◆ WORK INSTRUCTION: What are the lines from the one with "Impossible Triangle Palace" through the end of the records below, written out exactly and without the pictures?

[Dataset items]
....................
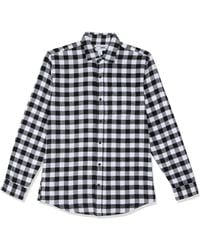 Amazon Essentials - Regular-fit Long-sleeve Flannel Shirt - Lyst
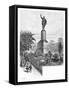 Cook's Monument, Hyde Park, Sydney, Australia, 1886-W Macleod-Framed Stretched Canvas
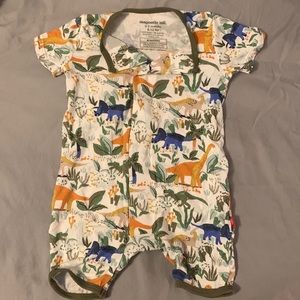 Magnetic Me romper, size 0-3 months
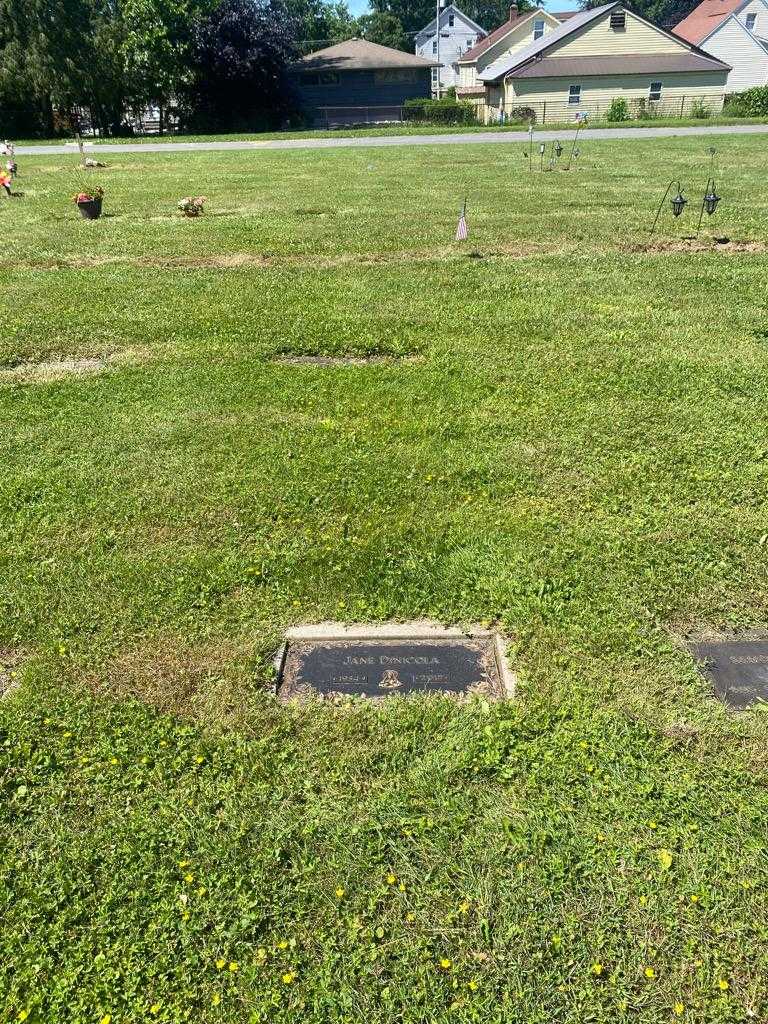 Jane Dinicola's grave. Photo 2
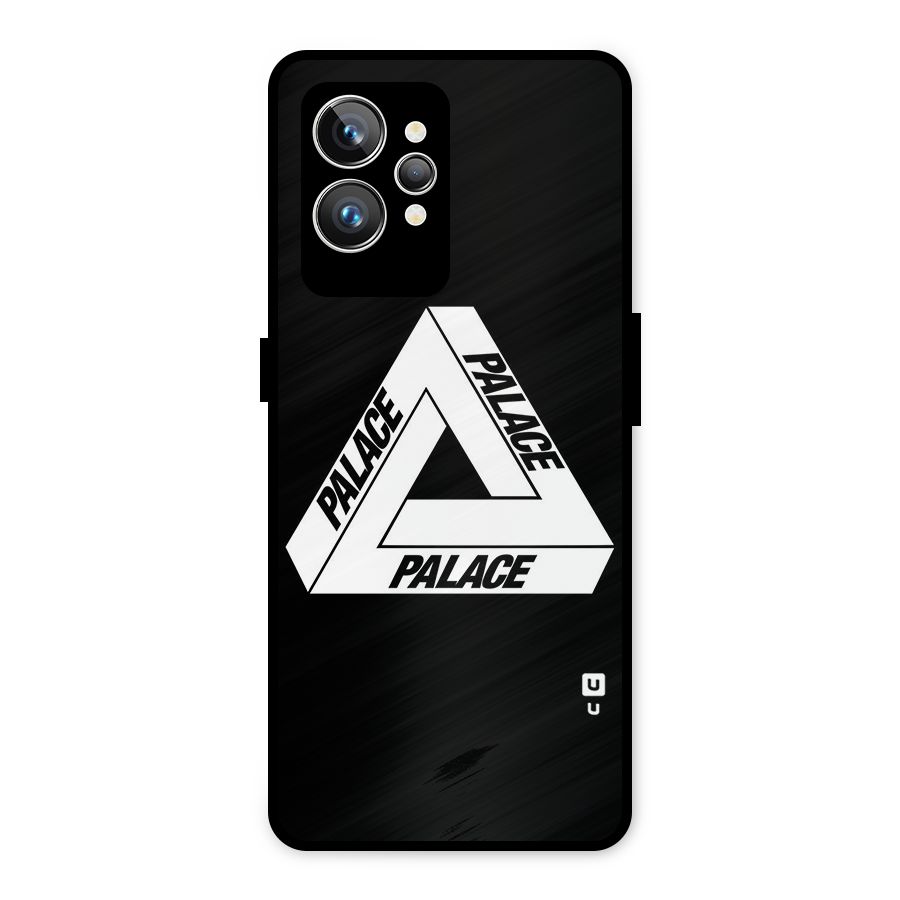 Impossible Triangle Palace Metal Back Case for Realme GT2 Pro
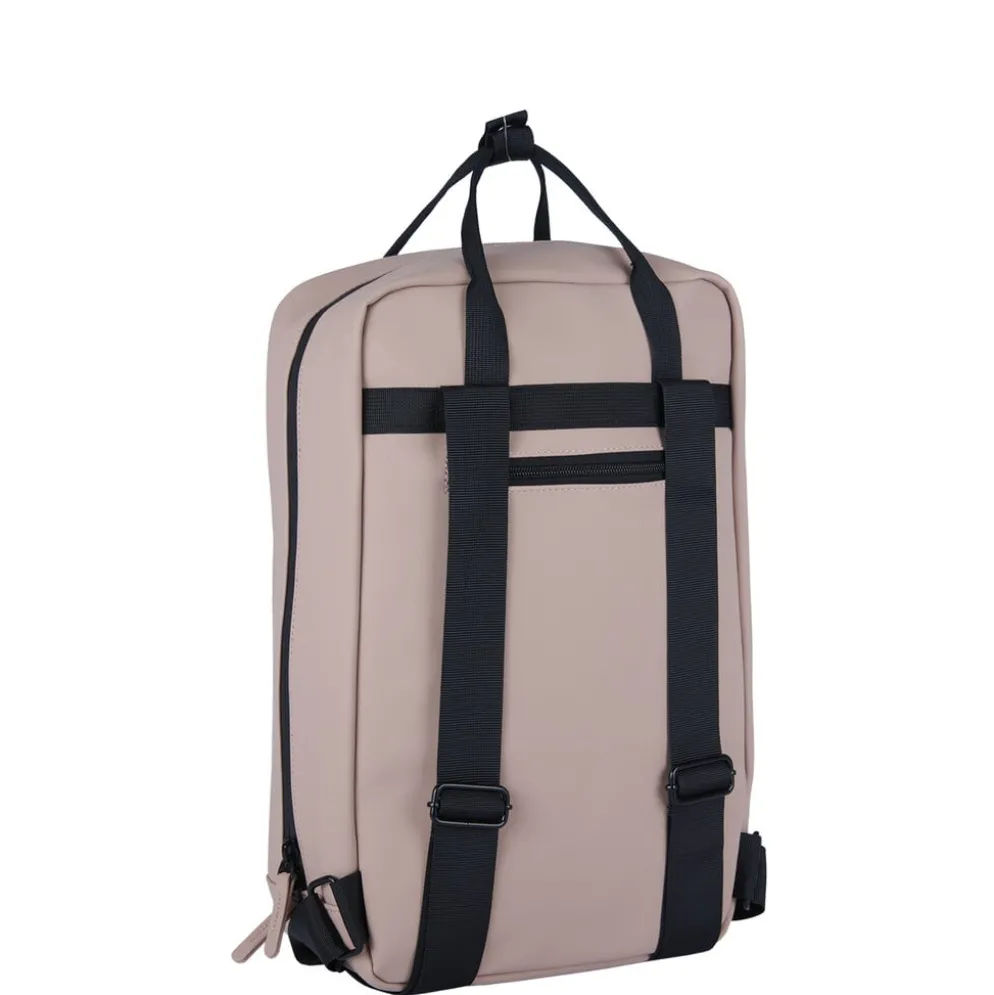 New Rebels Bowie Cape Coral Oudroze 14L Rugzak Reflectie Waterafstotend Laptop 13"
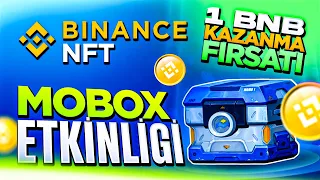 300 DOLAR 1 BNB KAZANMA ŞANSI BİNANCE MBOX YARIŞMASI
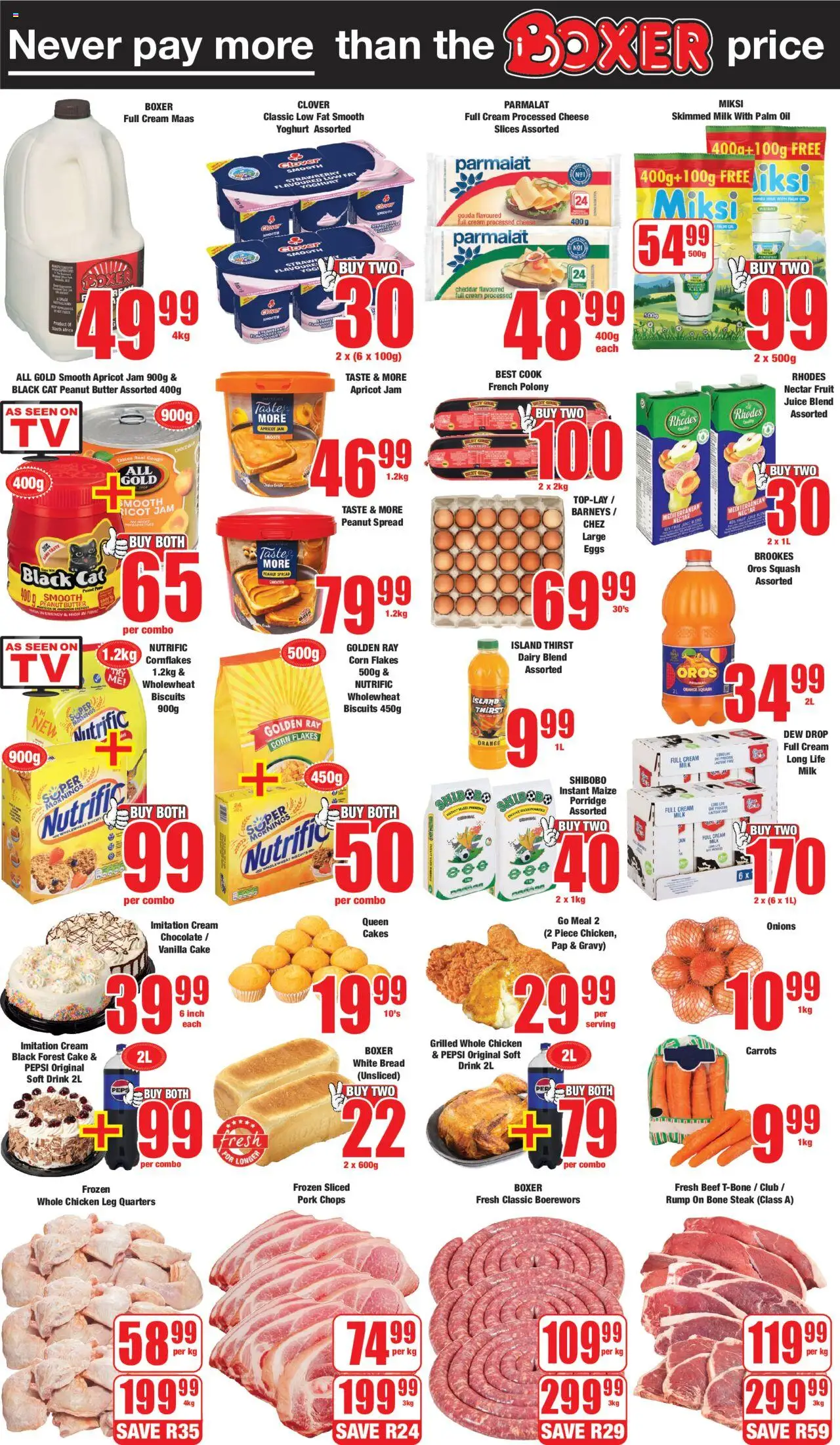 Boxer Specials from 08/09 - 21/09/2025 > Promotions - page 2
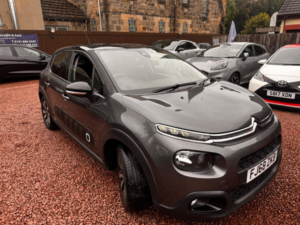 2018 Citroen C3 1.2 Puretech Flair Euro 6 5dr in Grey — image 3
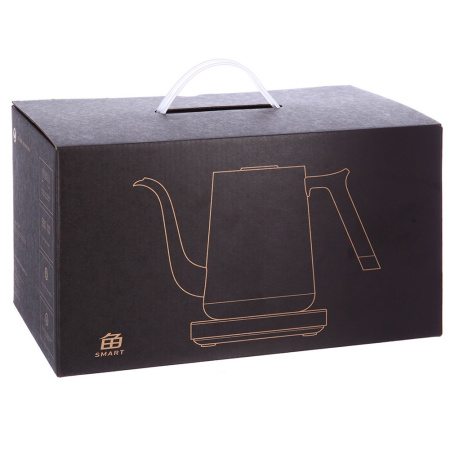 Чайник электрический Timemore Fish Smart, 800мл, белый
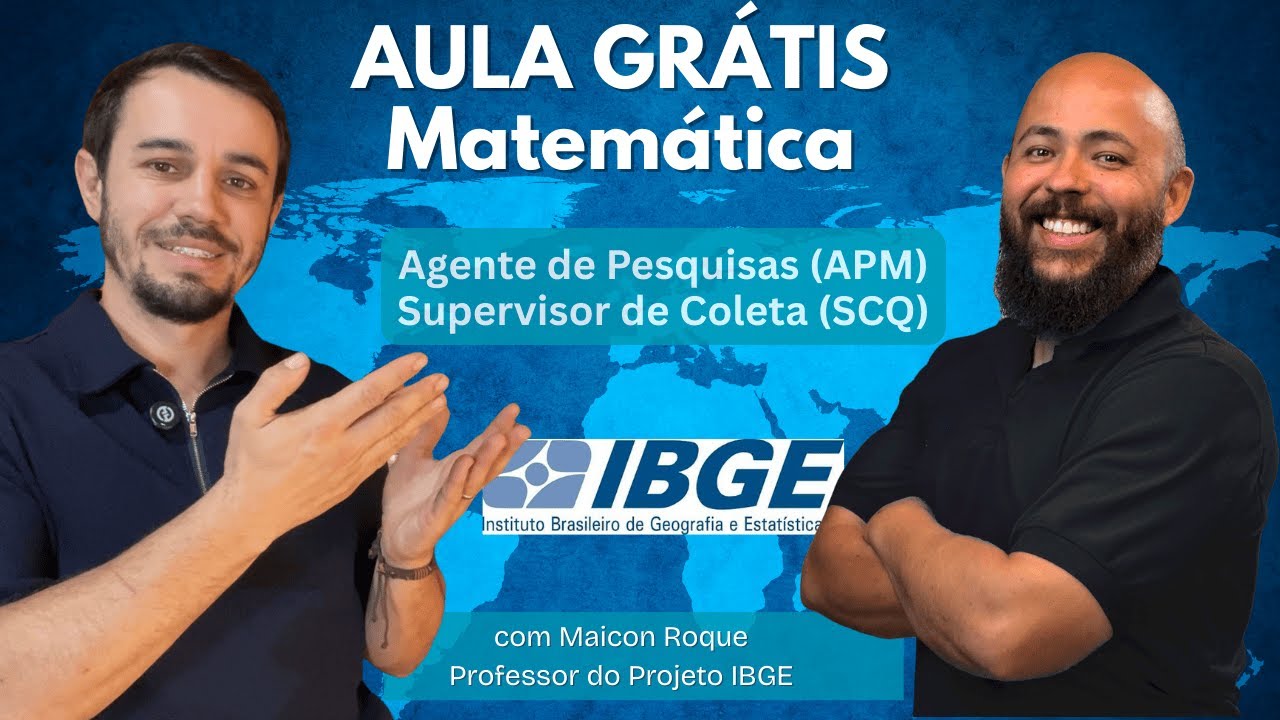 O que mais cai em Matemática no IBGE - APM/SCQ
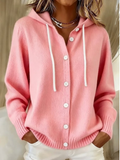 Harper | Button Cardigan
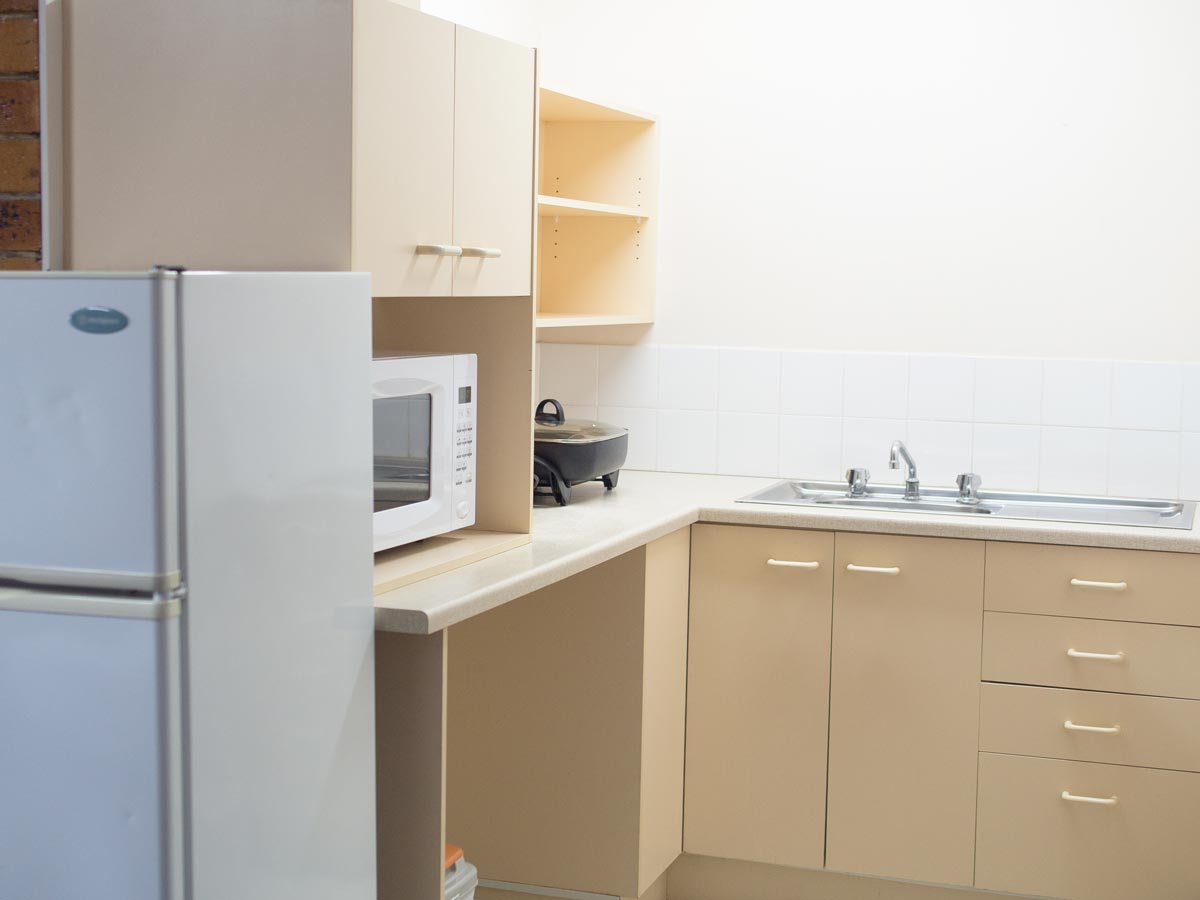Studio Apartments — Kitchen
....................
◆ COMPLETED EXERCISE:
 Impossible Triangle Palace Metal Back Case for Realme GT2 Pro
 New Rebels Bowie Cape Coral Oudroze 14L Rugzak Reflectie Waterafstotend Laptop 13"
 300 DOLAR 1 BNB KAZANMA ŞANSI BİNANCE MBOX YARIŞMASI
 Boxer Specials from 08/09 - 21/09/2025 > Promotions - page 2
 2018 Citroen C3 1.2 Puretech Flair Euro 6 5dr in Grey — image 3
 Чайник электрический Timemore Fish Smart, 800мл, белый
 O que mais cai em Matemática no IBGE - APM/SCQ
 Harper | Button Cardigan
Studio Apartments — Kitchen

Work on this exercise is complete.